PETALING JAYA: MASTER Builders Association Malaysia (MBAM) is appealing to the government to reduce the import duty on heavy machinery and spare parts used in construction sector.

Malaysian import duties on building materials were regarded among the highest in Asean.

“The current import taxes of machinery equipment for the construction sector are as high as 20-25 per cent.

Ideally, in the Asean Economic Community spirit of freer movement of goods, they should be slashed to five per cent,” said Master Builders Association Malaysia (MBAM) president Matthew Tee.

He explained that reduction in import duties would lead to high productivity and encourage industry players to invest in high-capacity machineries.

"MBAM is only asking for a reduction of the duties on machineries that are not manufactured in Malaysia," he told reporters after the association's dialogue session with 26 other construction trade lobby groups, held here today.

A majority of the construction machinery in Malaysia is quite old, there would be huge opportunities for construction machinery companies to explore, penetrate and expand their businesses, to support the implementation of projects in the country.

"The MBAM is encouraging the use of newer machinery to improve efficiency and also for safety purposes, as older ones, may have a higher safety risk due to metal fatigue," he said.

“We have been putting our appeals since 2006. Effective 11th June 2015, the government had cut import taxes on three out of 10 tariff codes we had submitted," Tee said.

So far, the government has reduced the 10 per cent import duties to 5 per cent on machinery categorised under HS 8429.51.000, HS 8430.41.000 and HS 8431.43.000.

The remaining machinery under the seven tariff codes that are still slapped with import tax ranging between 20 and 30 per cent are HS 8704.10.211 for new dumpers designed for off-highway not exceeding 38 tonnes; HS 8705.10.000 for crane lorries; HS8705.90.000 for special purpose motor vehicles; HS 8429.11.000 for self-propelled bulldozers and track-laying; HS 8429.40.110 for vibratory road rollers; HS 8429.59.000 for excavators, shovel loaders, tamping machines; and HS 8430.69.000 for other moving, grading and boring machinery.

An uncertain global economic outlook and weak ringgit has hurt the bottomline of many contractors.

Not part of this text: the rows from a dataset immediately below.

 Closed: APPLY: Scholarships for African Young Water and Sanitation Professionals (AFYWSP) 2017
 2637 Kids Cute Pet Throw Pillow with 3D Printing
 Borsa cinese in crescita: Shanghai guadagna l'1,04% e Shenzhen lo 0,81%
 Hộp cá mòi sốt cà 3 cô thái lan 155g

“At the start of the year when the ringgit was stronger, we had companies tendering for projects.

But now that the currency has weakened considerably, they are in a fix when it comes to accepting the award, as the cost of construction is now much higher,” Tee said.

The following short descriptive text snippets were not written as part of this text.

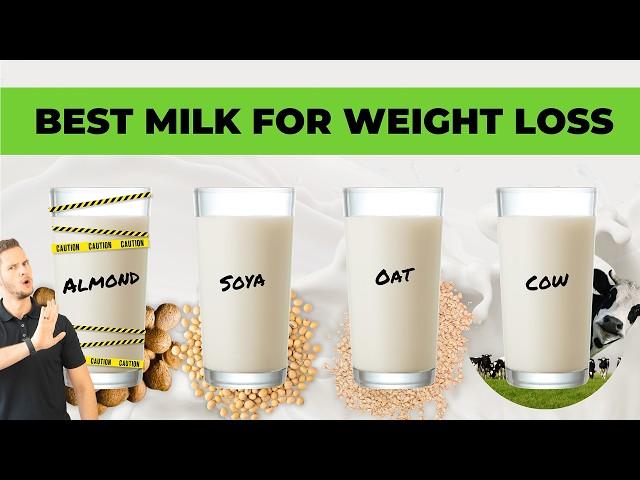 Which milk is best for weight loss? (WARNING) Almond milk is NOT perfect.!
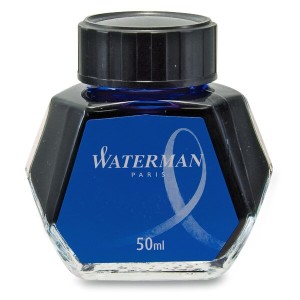 Ink in a Waterman bottle, various colors - Reklamnepredmety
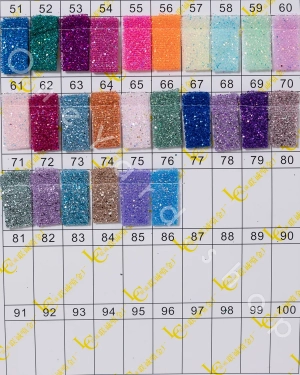 dense glitter powder stiffening tulle color chart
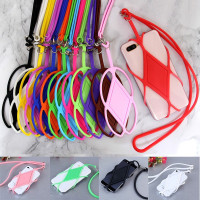 Silicone Lanyard Case Cover Holder Sling Necklace Wrist Strap for Cell ...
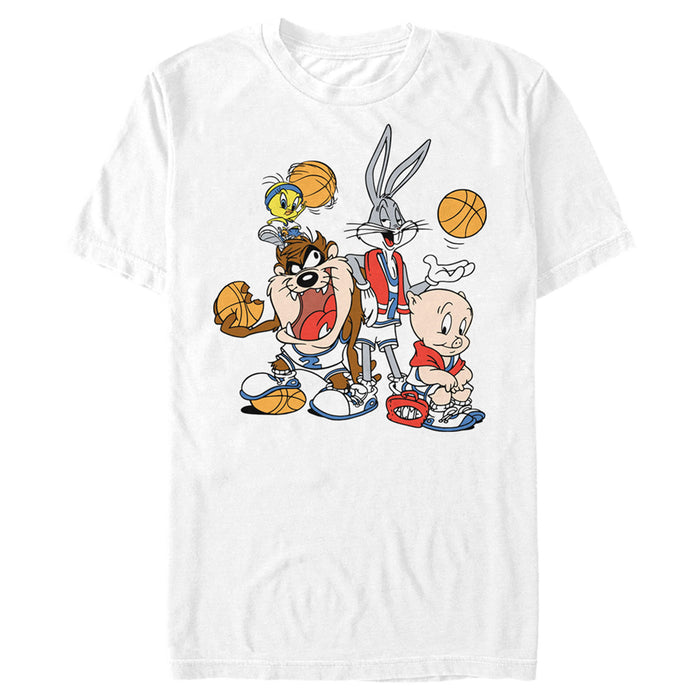fifth sun Men's Looney Tunes Basketball Team T-Shirt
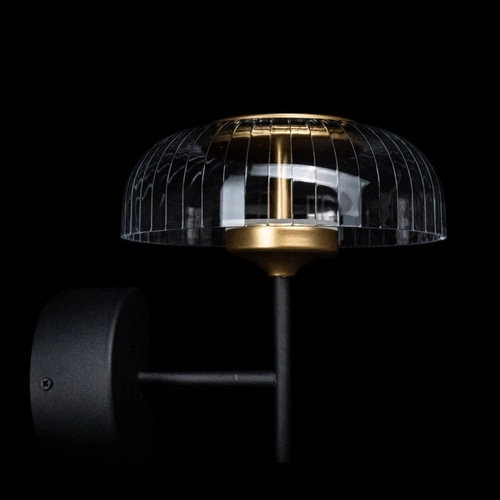 Kinkiet ścienny LED Vitrum czarny nowoczesny do salonu i sypialni ALTAVOLA DESIGN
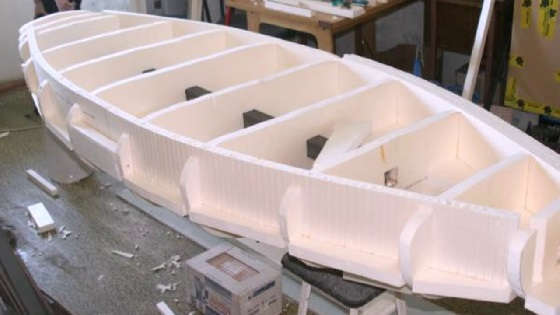 Изготовление лодки из пенопласта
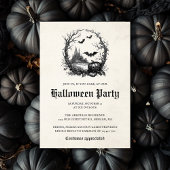 Gotische  stijl illustratie Halloween Party Kaart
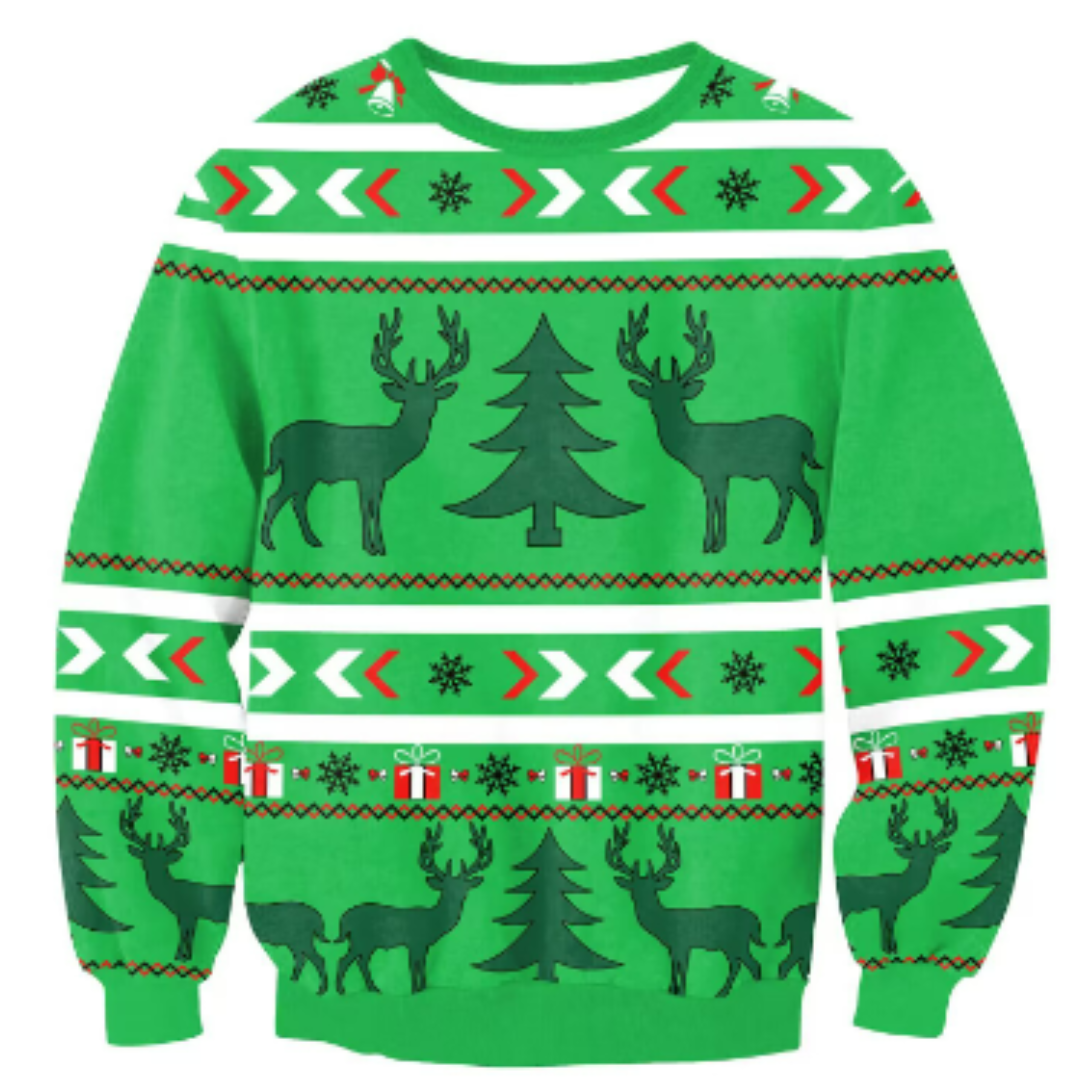 Unisex Oversized Juletrøje Hyggelig Strik Varm Stoff 4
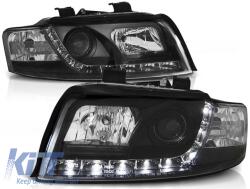  Tuning headlight set with lenses suitable for Audi A4 B6 10.2000-10.2004 sedan/wagon, left and right (ABAUHX6010343)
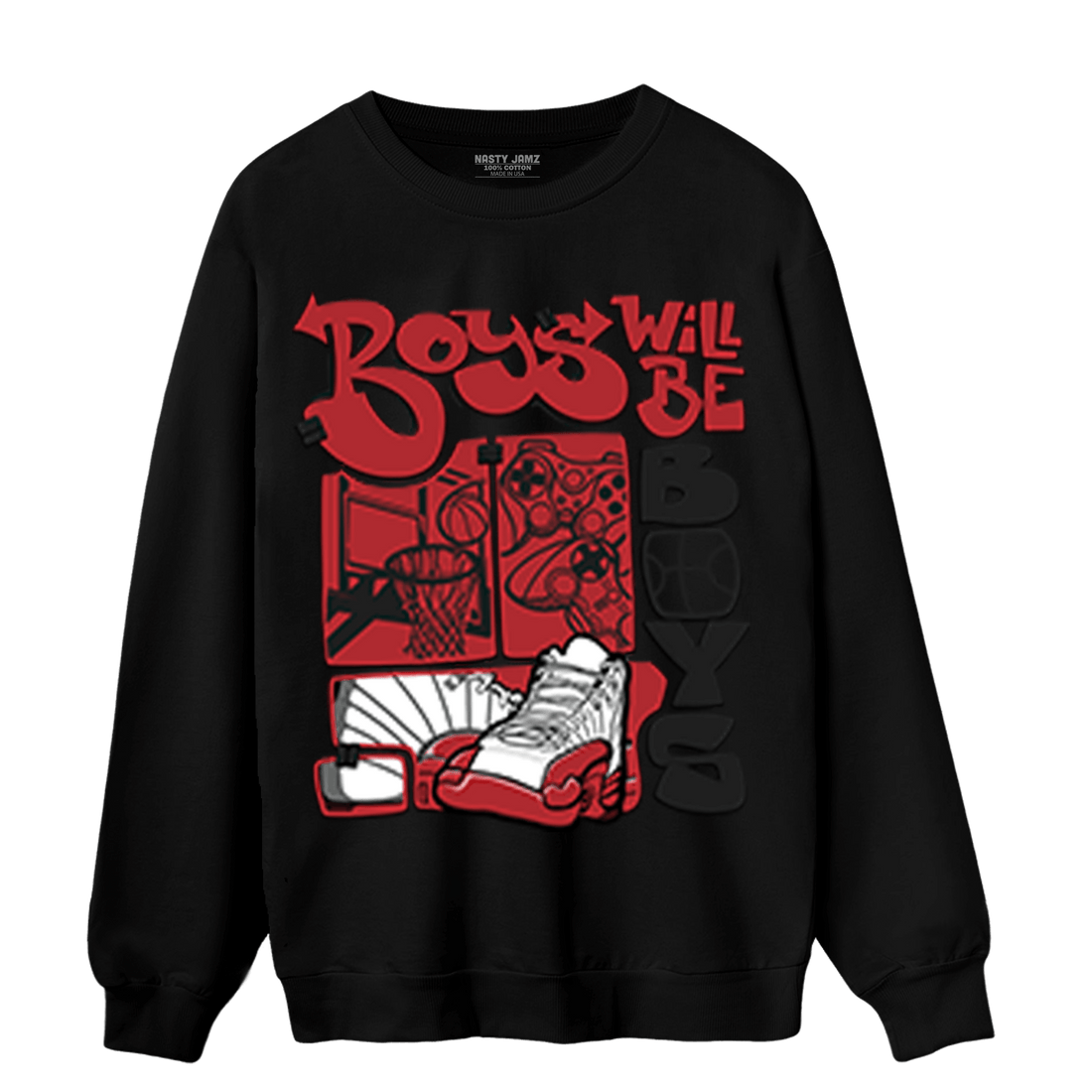 Cherry 12s Sweatshirt Match Boys Will Be Boys - NastyJamz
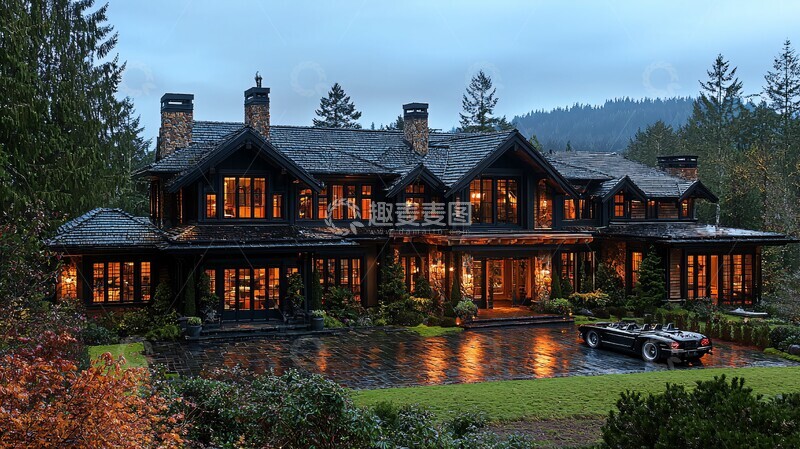 高清大图下载【趣麦麦图】山庄与德国牧羊犬1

He pointed out that profit margins within the competitive construction sector were already tight to begin with.

"Some members that are in a tough spot, as they are undecided as to whether or not to accept the jobs they had won,” he added.

It is now five months into the implementation of the Goods and Services Tax (GST) on April 1.

MBAM highlighted that many of its members face tight cashflow as they have yet to receive refunds despite waiting for at least three months after submitting their input tax claims to Customs.

"Some building material suppliers are operating on single digit profits margins. When they cannot get the refunds on time, they suffer."

Cash flow problems is having a negative chain effect. Some businesses are using reserve funds that are meant for future capital expenditure or have to borrow more money from the bank.

They end up paying more interest, leading to a rise in the cost of doing business.

MBAM also highlighted that contractors do not accept the Employment Insurance Scheme (EIS) proposed under the Budget 2015 as it is seen to be unecessarily raising cost of doing business.

While the well-intentioned EIS seeks to give temporary financial relief, reskilling and upskilling for retrenched employees, Tee said, "the implementation will punish good employers and reward the bad employers instead."

He explained that the EIS is not necessary as the current termination benefits are already sufficient. Excess funds from Social Security Organisation (SOCSO) and Human Resources Development Fund (HRDF) can be channelled for these purpose.